31 Ende als hy aldaer gekomen was, ende t’samen geroepen hadde die van sijn volck, ende de Priesters, staende voor den altaer, sondt hy henen na de gene die in de burcht waren:
32 Ende haer toonende het hooft des schelmachtigen Nicanors, ende de handt deses Godts-lasteraers, welcken hy uytgestreckt hadde tegen het heylige huys des Almachtigen, ende den hals hadde opgesteken:
33 Ende de tonge des Godtloosen Nicanors afgesneden hebbende, seyde hy, dat hy die by stucken soude geven aen de vogelen: ende dat hy dese als belooningen van sijne dwaesheyt tegen over den Tempel soude ophangen.
34 Ende sy alle [opsiende ] na den hemel danckten den doorluchtigen Heere, seggende, Gesegent moet hy zijn, die dese sijne plaetse onbesmet heeft bewaert.
35 Ende hy hingh het hooft van Nicanor uyt de burcht, om voor allen te zijn een kenlick ende openbaer teecken van de hulpe des Heeren.
36 Ende sy alle ordineerden met een algemeen besluyt, dat’se desen dagh geensins en souden laten onge-eert.
37 Maer datse den dertienden dagh der twaelfder maent, die Adar genoemt wort in de Syrische tale, souden vyeren, des daeghs voor den feest-dagh van Mardocheus.
38 Dewijle van de saken van Nicanor aldus afgeloopen zijn, ende van die tijden af de Hebreen de stadt in haer gewelt gehadt hebben, so sal ick oock alhier mijne reden afbreken.
39 Ende indien [ick ] dit wel ende gelijck het in een historie behoort [by een gestelt hebbe ], dat is mijnen wille geweest: maer in dien [ick ] het slechtelijck ende matichlijck [hebbe gedaen ], dat is het gene dat ick hebbe konnen doen.
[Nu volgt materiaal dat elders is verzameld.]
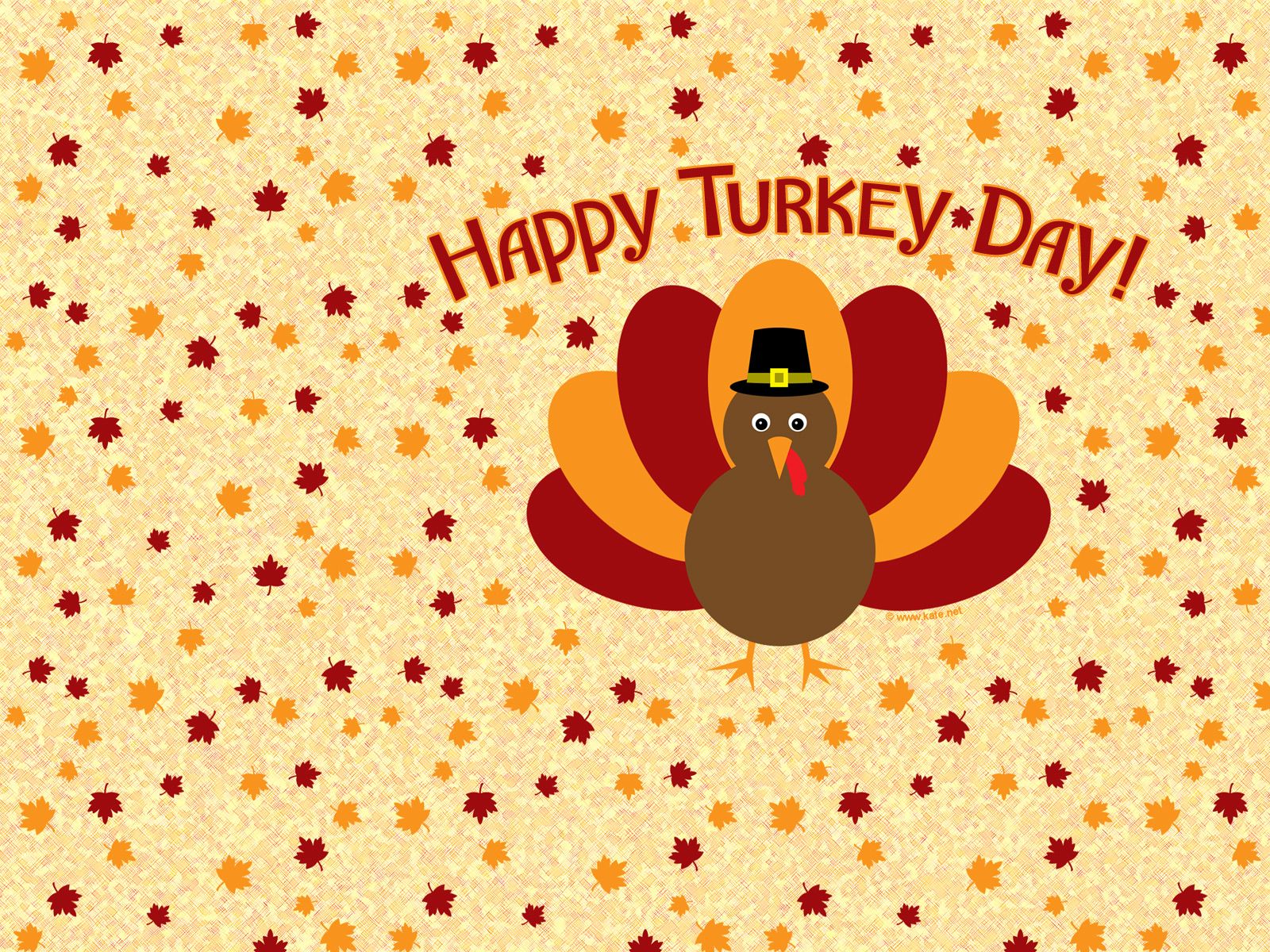 Tacchino cartone Happy Turkey Day, 1600x1200 900p, Desktop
40 Want gelijck het ongesont is wijn alleen te drincken, ende oock desgelijcks wederom water alleen: ende gelijckerwijs de wijn met water gemenght een soete aengenaemheyt geeft, ende vermakelijck is te drincken wijn met water gemenght, also vermaeckt oock een bequame toestellinge door de historie, de ooren der lesers. Ende dit zy dan het eynde.
Eynde des tweeden Boecks der Machabeen.